Vous savez mon cher que malgré tout votre esprit verbal je vous ai toujours dit que vous êtes un peu fou dans la pratique; & vos folies ont ce la de particulier qu'elles sont charmantes pour les autres & dangereuses seullement pour vous même; réfléchissez dont combien D'amitié je devrois avoir pour vous quand je tâche de vous guérir d'un mal que j'avoue en même tems m'a tant diverti; ménagez un peu La Déliquatesse du cardinal sur les sujets que vous aimez tant à traiter; je vous dis come Cicerone à Atticus de Dolabella nolo asillum iratum habere; & ne pensez pas qu'un minister de L'église Romaine & de la France, puisse jamais souffrir que vous vous déchainiez perpétuellement & impunément contre les abus de la Religion créthienne, & les inconvéniens du pouvoire despotic. Songez quand vous estes à Paris, non est his Locus, que c'est du bon sens déplacé, & que plus vous brillierez & mieux vous prêcheriez sur ces deux texts, moins vous an serez goûté & plus vous an serez puni.

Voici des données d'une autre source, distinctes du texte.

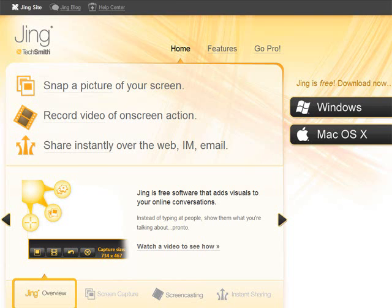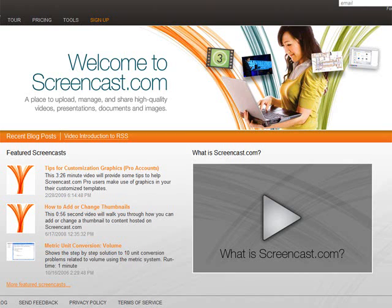Today I'd like to introduce you to Jing, which is a screen capturing software made by TechSmith, the same people who make the Camtasia software that we use. And much like Camtasia, it is a screen capturing software, only it's free and very easy to use.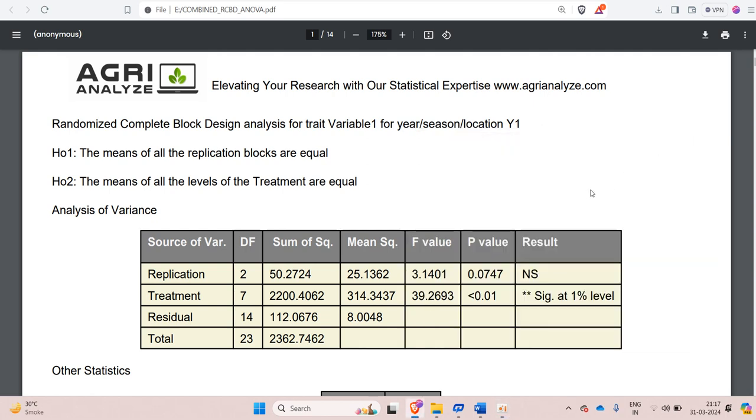Namaste friends. Welcome to AgriAnalyze. In this video we will be seeing how to perform one-factor randomized complete block design analysis pooled or combined over the years of location.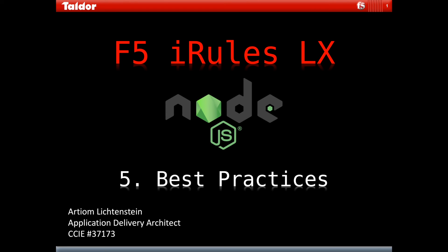This is it for part 5. This is the last part of the tutorials for now, but I might end up doing another video on iRulesLX if anything new or interesting comes up. If you're interested in me making more videos on any other F5 related subjects, please post your comments and suggestions below. My name is Artyom and I'd like to thank you for watching. Bye!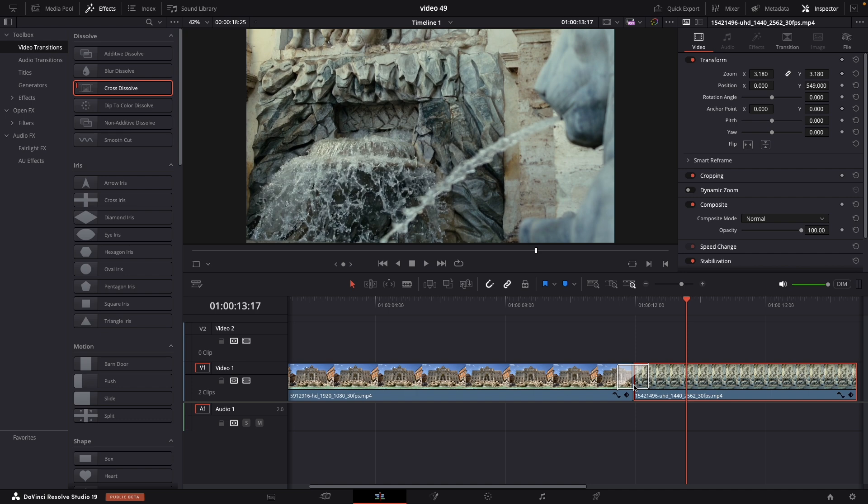Instead of having no data at all. This is the most common case for why sometimes you're struggling to put a transition and it simply doesn't work. Simply trim a little bit of both clips and you're fine. Your transition should start working.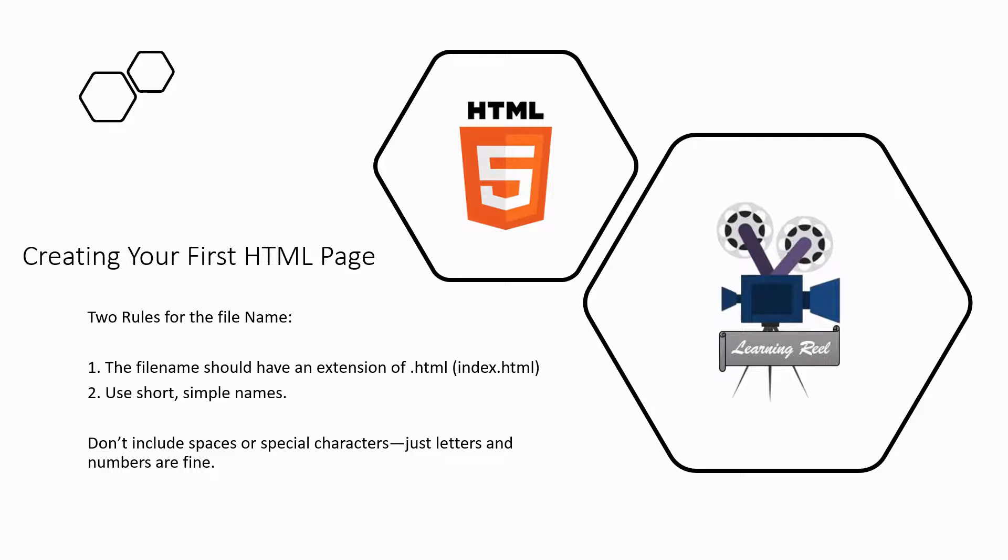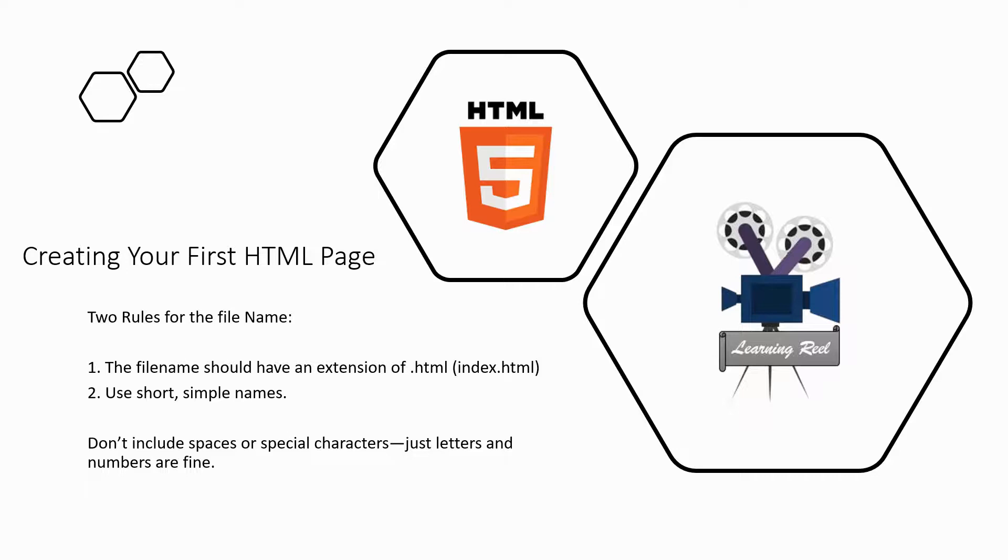Be sure to choose descriptive, readable names for your files so they will help you keep track of what you have used them for, and they can help make your site friendlier to search engines.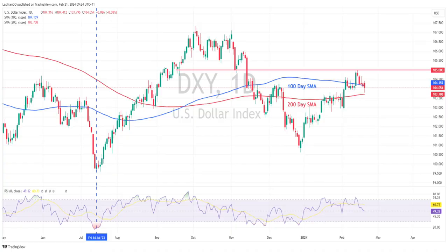Good morning, traders. The U.S. dollar sold off in Tuesday's session after traders returned from the holiday break. The dollar index fell for a fifth straight session after finding stiff resistance at the psychological 105 level last week, breaking below its 100-day moving average.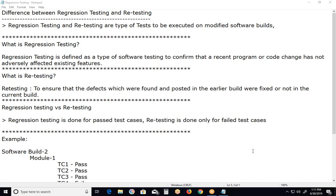From a system testing point of view, regression testing can be done at all test levels. Independent testers conduct testing at the system testing level.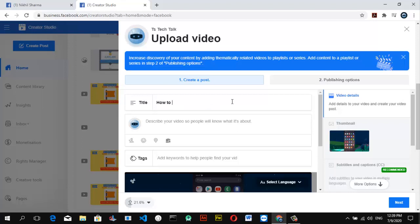So the title I'm going to give it is 'How to Appear Offline on Facebook App and Facebook Messenger.' After you've given it a good title, go ahead and give it a description that fits the video properly. When writing a description, don't write very short text — make sure you describe the video properly so that search engines can easily discover it. It might not appear on search engines in the first week or so, but after people start engaging, watching, and liking the video, it's going to appear on every search engine.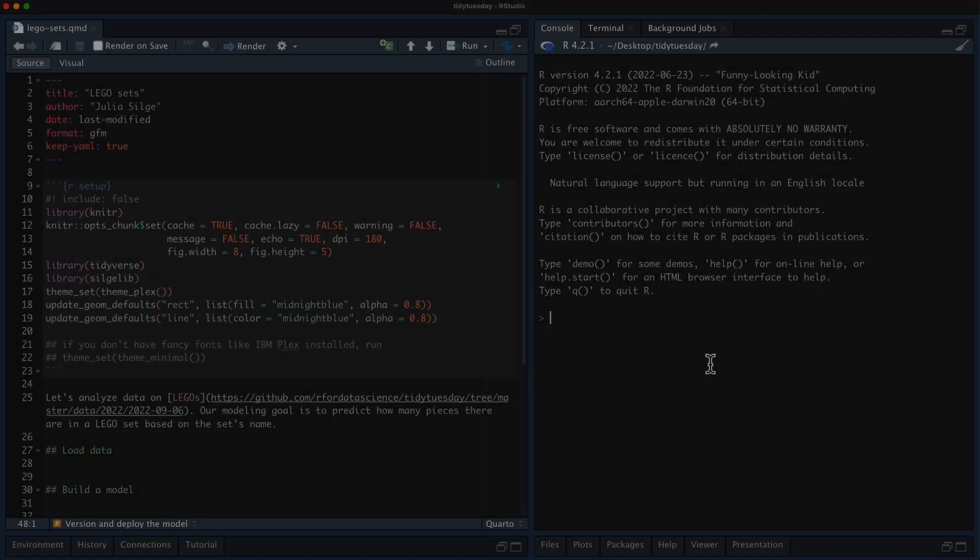This isn't an introduction to Docker kind of screencast, but you will see me walk through it and so even if you haven't used Docker a lot, hopefully you can understand what's going on as we walk through. All right, let's get started.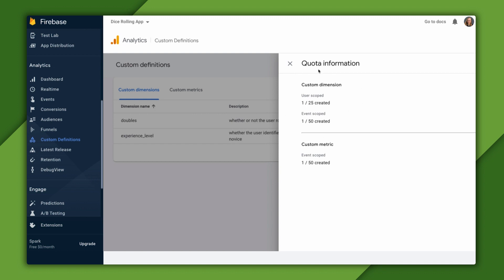To review, we have custom dimensions, which are discrete values, and custom metrics, which are numerical values. Then we have different scopes, user scoped and event scoped,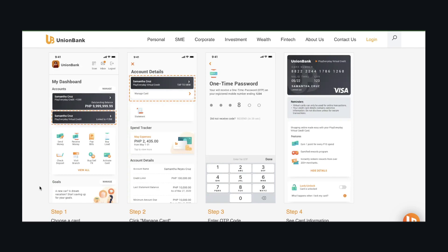Hi everyone, in today's video I'm going to show you how to use Union Bank virtual credit card. Basically, this virtual credit card can only be used for online transactions, so this is very important to keep in mind.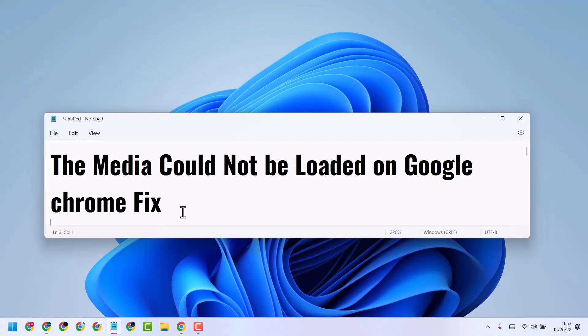In this video, I will share how to fix the 'media could not be loaded' error on Google Chrome. To resolve this problem, there are some methods.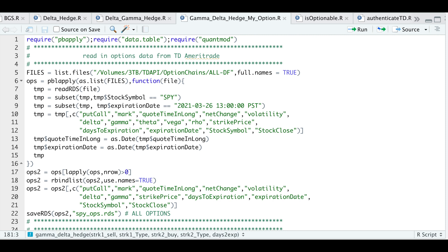Hey guys, welcome back to the channel. Today I'll be going over a script I created to Gamma and Delta Hedge options using the underlying symbol.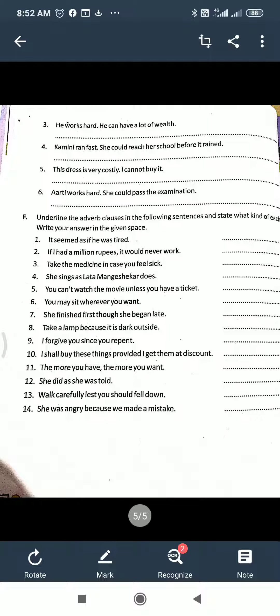Underline the adverb clause in the following sentences and state what kind each is — write your answer in the given instance. First you have to understand: study the adverb clause of time and place, which conjunction is used in each particular sentence. Then underline it and in front of it write the kind.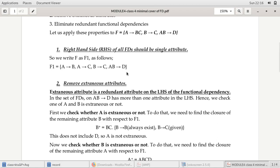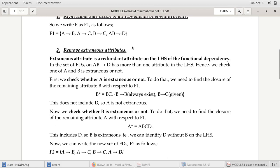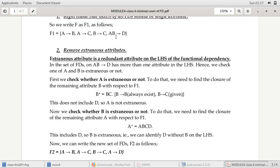That's all about the result of the first step. Now the second step is to remove extraneous attributes. An extraneous attribute is a redundant or additional attribute on the left side of a functional dependency. In the set F1, the first three dependencies — A → B, A → C, B → C — have only a single attribute on the left side, so there is no additional attribute. However, the last dependency AB → D has two attributes on the left side, so either A or B could be an extraneous attribute that should be eliminated.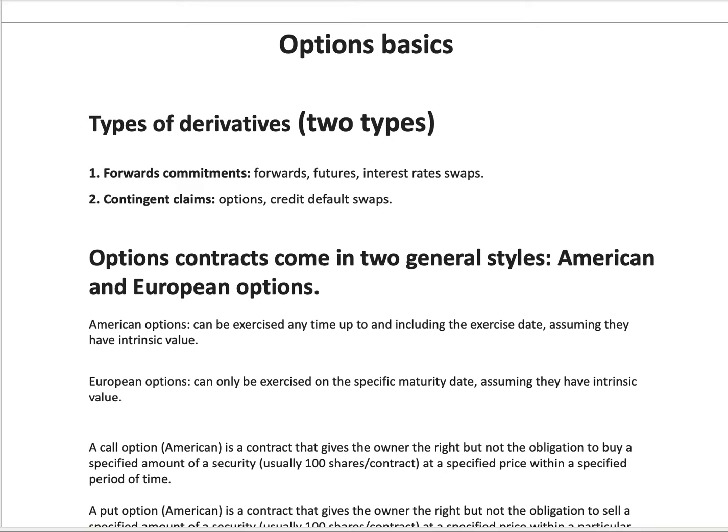For options, the underlying security is equity securities — stocks. For credit default swaps, the underlying security is the bond, or specifically debt securities. That's the umbrella term for bonds.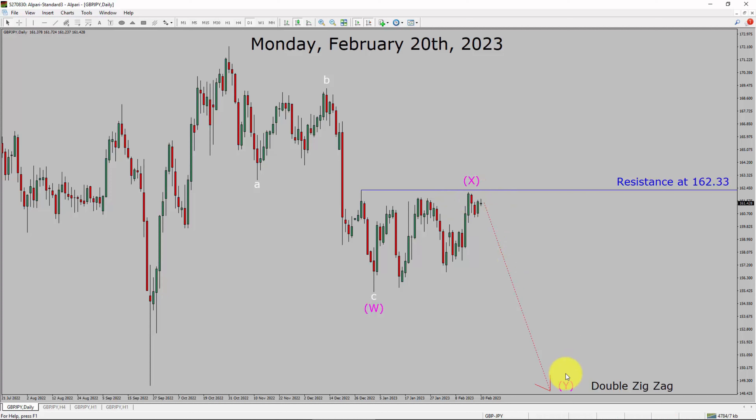After that, I expect a bearish wave Y double zigzag leg. A decisive bullish breakout above the 162.33 resistance area is going to end the downtrend trend in the daily chart of the GBP/JPY currency pair.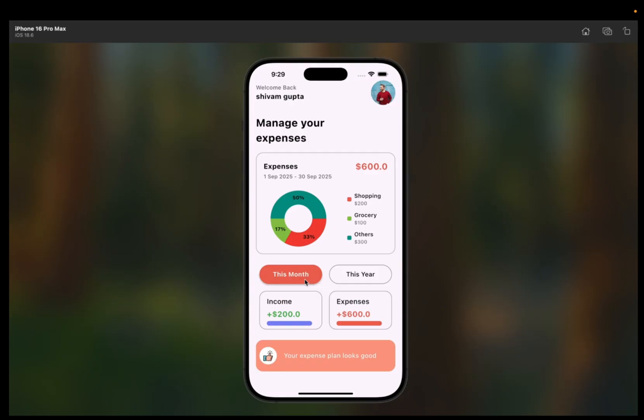These are all the tracking features this expense tracking app will manage across this series. If you want the source code for this complete app, I'll provide a link in the description and comment box. You can click that link to get the source code. If you want to pay via other methods like Google Pay or Paytm, you can DM me on my Instagram and I'll provide the source code as soon as possible. Your contribution helps keep this channel going.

dit votre auteur favorit, réglez vous pour l'avenir sur sa maxime, & remerciez un amy éloigné qui vous en fait souvenir pour appuier d'une si grande authorité, le conceil flegmatique mais salutaire qu'il vous a donné.
Ecrivez moi souvent et envoyez moi votre adresse. Je m'intéresse beaucoup à tout ce qui vous regarde & je serois toute ma vie L'admirateur de vos ouvrage & le cenceur de votre conduite, &
votre sincére & obéissant serviteur.
Voici mon adresse To My Lord Hervey at st James palace London.